I just check Twitter, since Amazon's status is always a lie. My personal dashboard is still showing no problems. It's bad enough that the main public status is always green even when there's clearly a problem, but you'd think they could at least make the private status accurate.
Pretty confident that isn't it. S3 was returning InternalErrors for 22 seconds before it started timing out and/or returning 503s to all my requests.
I'd bet that something broke (causing InternalError responses) and then nodes started marking themselves as failed (causing the timeouts and 503s soon after).
Looks like they have fixed the issue with their health dashboard now.
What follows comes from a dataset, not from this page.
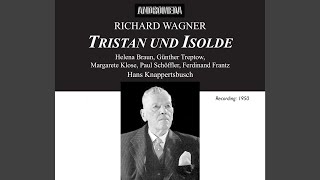 Tristan und Isolde Act I Prelude [upl. by Aileen]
From https://status.aws.amazon.com/ : Update at 11:35 AM PST: We have now repaired the ability to update the service health dashboard. The service updates are below. We continue to experience high error rates with S3 in US-EAST-1, which is impacting various AWS services. We are working hard at repairing S3, believe we understand root cause, and are working on implementing what we believe will remediate the issue.
There was an alert on the personal health dashboard[1] a second ago, it said S3 Operational issue in us-east-1 but when I tried to view the details it showed an error.
Then I refreshed and the event disappeared altogether.
Just sent out a notice to our customers via our status page. I really wanted to be able to add a link back to AWS detailing the issue but that's a pipe dream I suppose.
We have a slack emoji for it called greenish. It's the classic AWS green checkmark with an info icon in the bottom. Apparently it's NOT an outage if you don't acknowledge it. It's called alt-uptime.